I’ve been emphasizing patience when dealing with stuck fasteners, but when all else fails, there…
How to remove stuck fasteners, part 2: Useful tips
What’s the best way to unstick a stuck fastener? Don’t let it get stuck in the first place. And how do you do that? Let’s look back before we look forward.
Last week, I poked some fun at Zen and the Art of Motorcycle Maintenance author Robert Pirsig for including a chapter in his revered tome that appears to imply you can remove stuck fasteners by merely thinking of a high-quality solution to the problem. I offered a simple solution—don’t let them get stuck to begin with—by using six-sided sockets and penetrating oil. And if that doesn’t work, try heat and wax to wick into and lubricate the threads.
This week I’ll get into the nuts and bolts of removing stuck fasteners. (Pun intended.)

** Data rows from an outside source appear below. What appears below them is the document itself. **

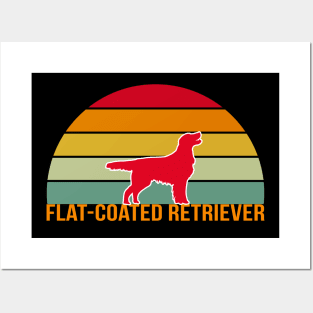 Flat-Coated Retriever Vintage Silhouette Posters and Art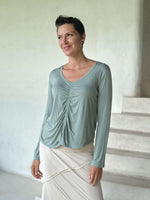 caraucci reversible sage green ruched long sleeve top #color_moss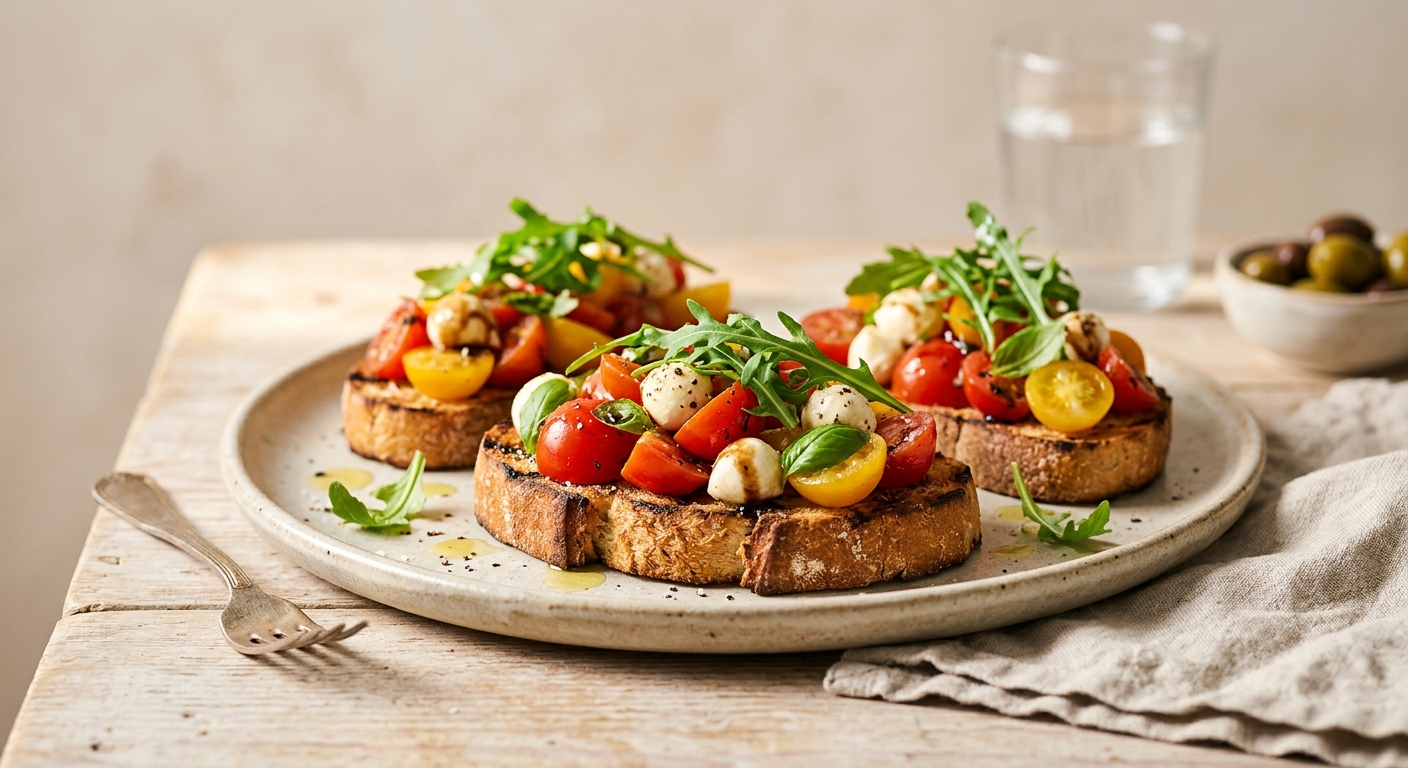 Bruschetta aux tomates et à la mozzarella
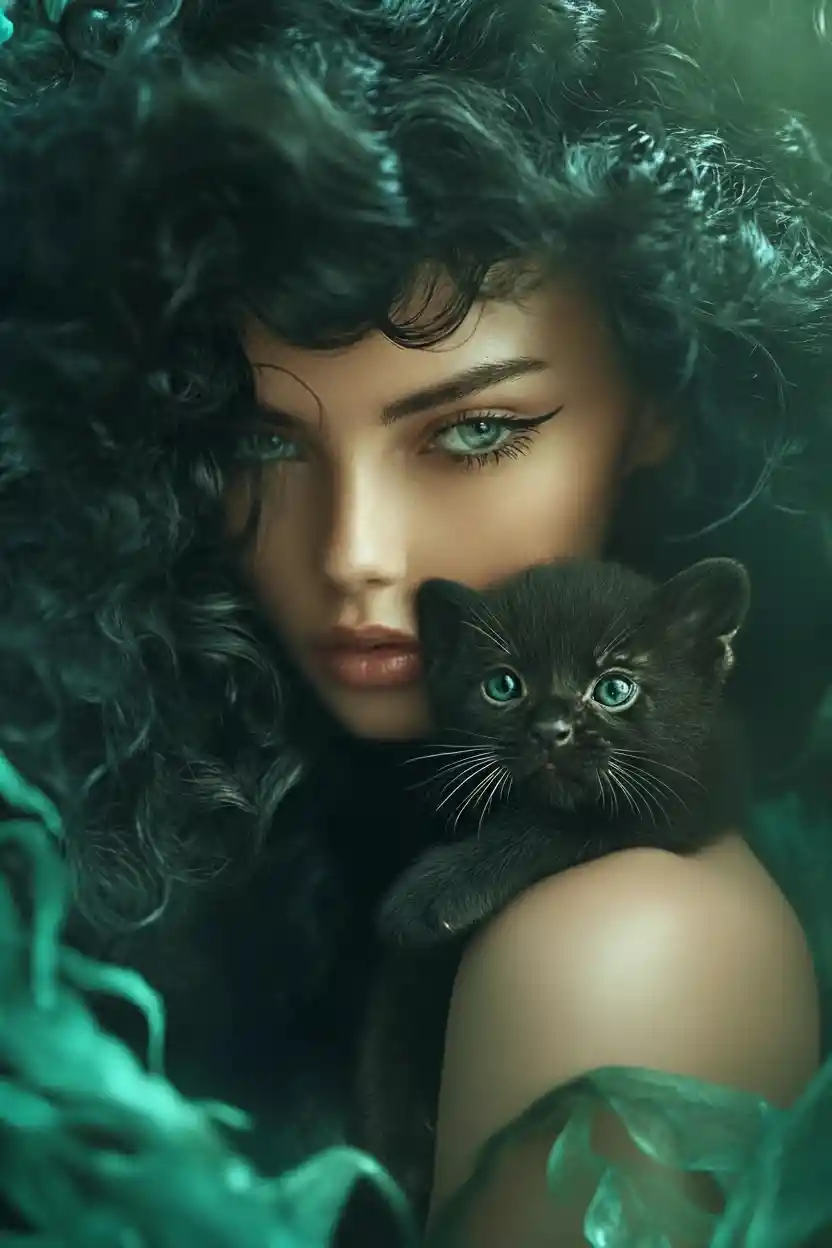 Realistic cat resting calmly on a woman shoulder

Stripped slotted or Philips screws: Cut a new slot with a Dremel tool
Most of the time, “stuck fasteners” actually means “stuck nuts and bolts.” But every once in a while, you might have a stripped screw head to deal with. As is the case with a nut or bolt, the main technique is to avoid the situation in the first place by using good-quality tools, combined with penetrating oil and heat. But if the slot is munged up, there is a trick you can try.
If you don’t own a Dremel tool (a hand-held rotary cutting tool), buy one. Then buy the “EZ Lock Mandrel” and a pack of EZ Lock thin cutting wheels. These things are a necessary part of the stuckness tool kit. In addition to the cutting wheel’s myriad of uses, you can easily use it to cut a nice new clean slot across the munged-up head of a screw. Do that, soak it in penetrating oil, heat it, and you may be able to get the screw out without needing to resort to more invasive measures.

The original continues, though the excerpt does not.